Google 官方提供了 2 种方案，第一种可以利用 DDMS 或 ADM 手动抓取，第二张就是代码插桩行啦，Google 将第二种更多的是去精确的计算某个特定逻辑流程或函数耗时。
插桩 API：

public static void startMethodTracing () Added in API level 1
public static void startMethodTracing (String traceName, int bufferSize, int flags) Added in API level 1
public static void startMethodTracing (String traceName, int bufferSize) Added in API level 1
public static void startMethodTracingSampling (String traceName, int bufferSize, int intervalUs) Added in API level 21

在实践中发现startMethodTracing()会使得被插 app 变成卡的 1B，经查阅官方文档大致总结如下：
大致意思是如果使用startMethodTracing() 抓取 trace 会对 app 有一定性能影响，不能将得到的 trace 分析耗时当作实际结果，建议当做参考值，在今后的迭代中可以进行周期性的比对，从而分析 code 的较之前的耗时为增高或降低，在 Android4.4 及以后加入了startMethodTracingSampling()，其实是 API21 之后加入，即 Andoid5.0，不知是否是 Google 文档的错误，使用这个方法你可以定义采样间隔，单位是微秒，经实践，这个方法确实对性能的影响几乎感知不到，或者说几乎没有影响，但这也仍然建议标为参考值.

原文如下：
When your application calls startMethodTracing(), the system creates a file called .trace. This contains the binary method trace data and a mapping table with thread and method names.

The system then begins buffering the generated trace data, until your application calls stopMethodTracing(), at which time it writes the buffered data to the output file. If the system reaches the maximum buffer size before you callstopMethodTracing(), the system stops tracing and sends a notification to the console.

Interpreted code runs more slowly when profiling is enabled. Don't try to generate absolute timings from the profiler results (such as, "function X takes 2.5 seconds to run"). The times are only useful in relation to other profile output, so you can see if changes have made the code faster or slower relative to a previous profiling run.

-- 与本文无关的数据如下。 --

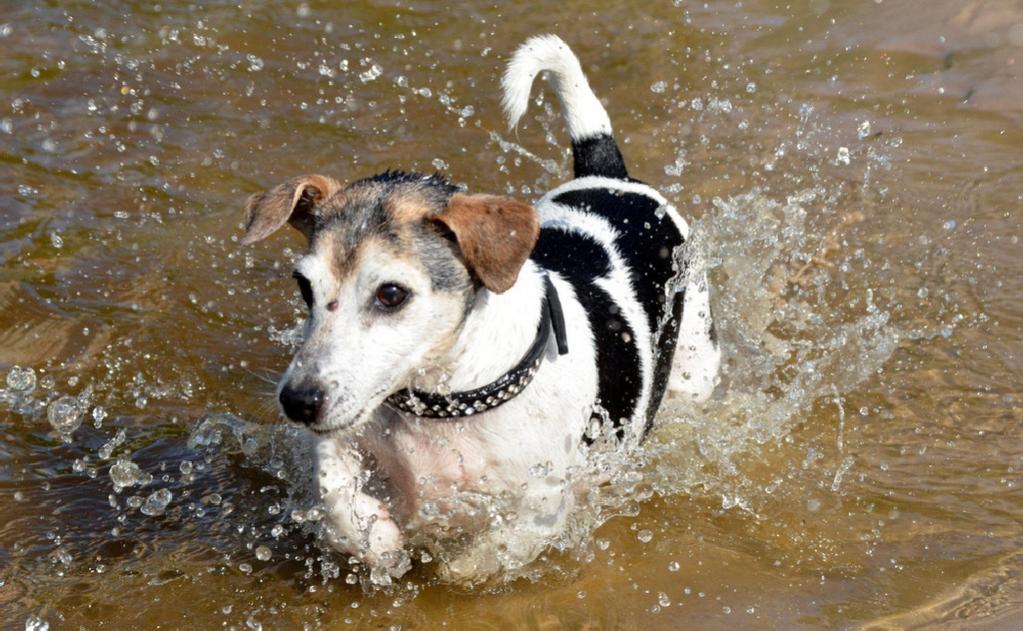 Moni in the water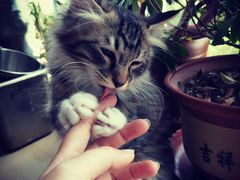 -瑞派福兴宠物医院犬猫全科·骨科·中西医结合(河东店)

In Android 4.4 and later, you can use sample-based profiling to profile with less runtime performance impact. To enable sample profiling, call startMethodTracingSampling() with a specified sampling interval. The system will then gather samples periodically until tracing is stopped via stopMethodTracing().

实践部分：
我们希望可以拿到所有方法的耗时，这一点实现很简单，但我们同时也希望对场景下所对应触发的方法进行做对应关系，即，一个场景 —> 可能涉及多个 activity ，一个 Activity —> 可能触发多个方法，那么我们就将 Activity 作为方法分类的最小单位，因此问题就变为，我们要抓取以 activity 为单位的方法集合耗时，即以 activity 为单位去记录 trace 文件。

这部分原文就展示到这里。